Why do we need protein in the first place? How much protein is too much? What’s commonly found in protein powder? What are the types of protein supplements and what should you look for?

Let’s dive into all of the details – keep reading to learn more!

Clean Organic Protein Powder

(Note: This article contains affiliate links, meaning In On Around will make a small commission at no additional cost to you. This helps me maintain the site. As always, I value full transparency & only work with brands I love and trust.)

Why Do We Need Protein?

Protein is absolutely essential for a well-balanced diet. Every single cell in the human body contains protein… it’s the main component of our skin, muscles, bones & hormones. Clearly, it serves a very important function.

Protein helps to:

  • Repair cells and tissues in the body (stimulate muscle protein synthesis)
  • Provide energy
  • Create hormones
  • Keep you full and regulates appetite
  • Increase metabolism
  • Help you grow
  • Support weight maintenance and body weight loss
  • Regulate the immune system

… and so much more!

Eating enough protein in your diet can help you stay satiated and potentially lose weight.

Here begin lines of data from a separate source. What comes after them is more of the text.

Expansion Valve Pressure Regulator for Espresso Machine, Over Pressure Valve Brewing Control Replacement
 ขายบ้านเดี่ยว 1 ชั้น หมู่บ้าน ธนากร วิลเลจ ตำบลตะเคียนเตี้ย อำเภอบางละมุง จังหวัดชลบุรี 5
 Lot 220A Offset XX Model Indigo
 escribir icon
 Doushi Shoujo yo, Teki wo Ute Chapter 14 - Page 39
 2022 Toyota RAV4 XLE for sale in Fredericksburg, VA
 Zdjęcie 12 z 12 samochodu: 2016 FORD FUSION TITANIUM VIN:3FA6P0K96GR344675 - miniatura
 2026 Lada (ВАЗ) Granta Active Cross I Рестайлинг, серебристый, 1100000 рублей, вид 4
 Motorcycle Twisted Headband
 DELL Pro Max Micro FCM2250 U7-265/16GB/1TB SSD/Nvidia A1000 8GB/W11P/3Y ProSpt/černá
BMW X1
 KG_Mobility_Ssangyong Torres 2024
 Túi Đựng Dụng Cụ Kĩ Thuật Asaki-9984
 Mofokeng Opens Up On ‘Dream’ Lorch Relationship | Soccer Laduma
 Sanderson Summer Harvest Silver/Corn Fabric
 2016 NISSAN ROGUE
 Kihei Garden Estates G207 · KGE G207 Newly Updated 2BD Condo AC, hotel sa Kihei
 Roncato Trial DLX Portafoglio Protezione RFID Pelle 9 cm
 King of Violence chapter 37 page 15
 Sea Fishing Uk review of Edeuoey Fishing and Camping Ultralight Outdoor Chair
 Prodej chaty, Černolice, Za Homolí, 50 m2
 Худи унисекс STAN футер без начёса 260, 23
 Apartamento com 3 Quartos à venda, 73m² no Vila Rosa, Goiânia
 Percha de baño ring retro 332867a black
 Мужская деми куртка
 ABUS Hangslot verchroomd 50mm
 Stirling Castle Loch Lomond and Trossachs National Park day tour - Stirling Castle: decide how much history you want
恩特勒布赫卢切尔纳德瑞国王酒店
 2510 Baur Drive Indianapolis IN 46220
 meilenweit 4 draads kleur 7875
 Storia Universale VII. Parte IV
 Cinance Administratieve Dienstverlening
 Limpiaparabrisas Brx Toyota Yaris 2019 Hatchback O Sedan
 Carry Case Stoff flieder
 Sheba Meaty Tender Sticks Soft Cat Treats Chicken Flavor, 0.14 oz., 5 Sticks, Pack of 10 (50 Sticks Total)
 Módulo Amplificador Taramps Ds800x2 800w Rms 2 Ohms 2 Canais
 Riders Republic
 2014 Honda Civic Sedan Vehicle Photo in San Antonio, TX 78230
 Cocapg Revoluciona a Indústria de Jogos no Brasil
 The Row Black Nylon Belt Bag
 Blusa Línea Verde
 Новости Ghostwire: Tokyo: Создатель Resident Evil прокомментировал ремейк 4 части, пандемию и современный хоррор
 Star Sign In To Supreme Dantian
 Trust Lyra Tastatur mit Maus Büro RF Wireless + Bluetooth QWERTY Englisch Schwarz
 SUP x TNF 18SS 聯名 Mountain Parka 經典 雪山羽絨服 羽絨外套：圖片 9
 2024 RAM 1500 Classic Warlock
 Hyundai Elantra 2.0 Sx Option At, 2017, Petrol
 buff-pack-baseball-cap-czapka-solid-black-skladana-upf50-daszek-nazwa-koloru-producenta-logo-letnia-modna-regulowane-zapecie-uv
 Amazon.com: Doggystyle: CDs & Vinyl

How Much Protein Should You Consume Daily?

You should aim to consume at least 10% of your daily calories from protein, with a maximum of 35%. [1] Eating both too much protein and too little protein can cause issues in the body. Below, follow the quick & dirty formula to estimate the minimum amount of protein you should be eating in grams:

Minimum Protein You Should Eat Daily in Grams = Your Weight x 0.36

For example, a woman weighing 130 lbs should eat at least ~47 grams of protein per day.

If you’re working out consistently (which you should be), you’ll need more protein for lean muscle repair and muscle recovery.

Best Organic Protein Powder

What Happens If You Don’t Eat Enough Protein?

If you don’t eat enough protein, you can suffer from a loss of muscle mass, increased appetite, swelling, fatty liver, weak nails, and stunted growth.

Vegans and vegetarians take note! It is absolutely possible to get enough protein as a vegan or vegetarian… pretty easily too. All it takes is a bit more planning. It is a myth that vegetarians and vegans are deficient in protein. [2]

While meat & eggs are protein rich, plant-based diet sources can be just as powerful. It’s important to ensure that you’re getting all the essential amino acids in your diet.

Nine amino acids, known as the “essential amino acids,” are not made by the body and must be consumed:

  • Histidine
  • Isoleucine
  • Leucine
  • Lysine
  • Methionine
  • Phenylalanine
  • Threonine
  • Tryptophan
  • Valine

… but you won’t find these listed on an ingredient label. Since our body doesn’t store protein, it’s key that we get all 9 essential amino acids from our food (these are the body’s “building blocks” needed for protein synthesis). These can easily be consumed by eating a variety of plant-based proteins.

Plant-Based Protein Sources:

  • Beans
  • Legumes
  • Nuts
  • Seeds
  • Tofu*
  • Tempeh*
  • Edamame*
  • Seitan
  • Quinoa*
  • Buckwheat*
  • Chia seeds*
  • Hemp seeds*
  • Spirulina*
  • Nutritional yeast*
  • Protein powder

* = A complete protein, meaning it contains all nine essential amino acids

Don’t stress out… according to the Dietary Guidelines for Americans, most people get more than enough protein throughout their day. [3] Protein powders, as long as they’re truly clean and organic, can be a great addition to any diet. As a vegetarian, I incorporate protein powder into my diet daily… but not just any protein powder!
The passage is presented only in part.